Find the elasticity of demand (E) for the given demand function at the indicated values of p. Is the demand elastic, inelastic, or neither at the indicated values?
q=410 - 0.2 p^2
a.$21
b.$39
recall that
E = dq/dp * p/q
To find the elasticity of demand (E) for the given demand function, we need to use the elasticity formula:
E = (dq / dp) * (p / q)
Where:
dq / dp is the derivative of the demand function with respect to the price (p)
p is the price
q is the quantity demanded.
Let's start by finding the derivative of the demand function dq / dp:
dq / dp = -0.4p
Now, we can substitute the given values of p into the demand function and the derivative to find the quantity demanded (q) and the derivative at the indicated prices.
a.

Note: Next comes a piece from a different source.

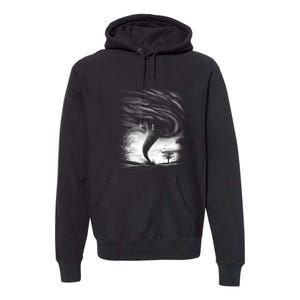 Realistic Tornado Premium Hoodie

For p = $21:
q = 410 - 0.2 * (21^2)
q = 410 - 0.2 * 441
q = 410 - 88.2
q ≈ 321.8
dq / dp = -0.4 * 21
dq / dp = -8.4
E = (-8.4) * (21 / 321.8)
E ≈ -0.547
Based on the value of E, we can determine the elasticity of demand. If E > 1, the demand is elastic. If E < 1, the demand is inelastic. If E = 1, the demand is unit elastic. In this case, since E ≈ -0.547, the demand is inelastic.
b. For p = $39:
q = 410 - 0.2 * (39^2)
q = 410 - 0.2 * 1521
q = 410 - 304.2
q ≈ 105.8
dq / dp = -0.4 * 39
dq / dp = -15.6
E = (-15.6) * (39 / 105.8)
E ≈ -5.744
Again, since E ≈ -5.744, the demand is inelastic.
Therefore, in both cases, the demand is inelastic.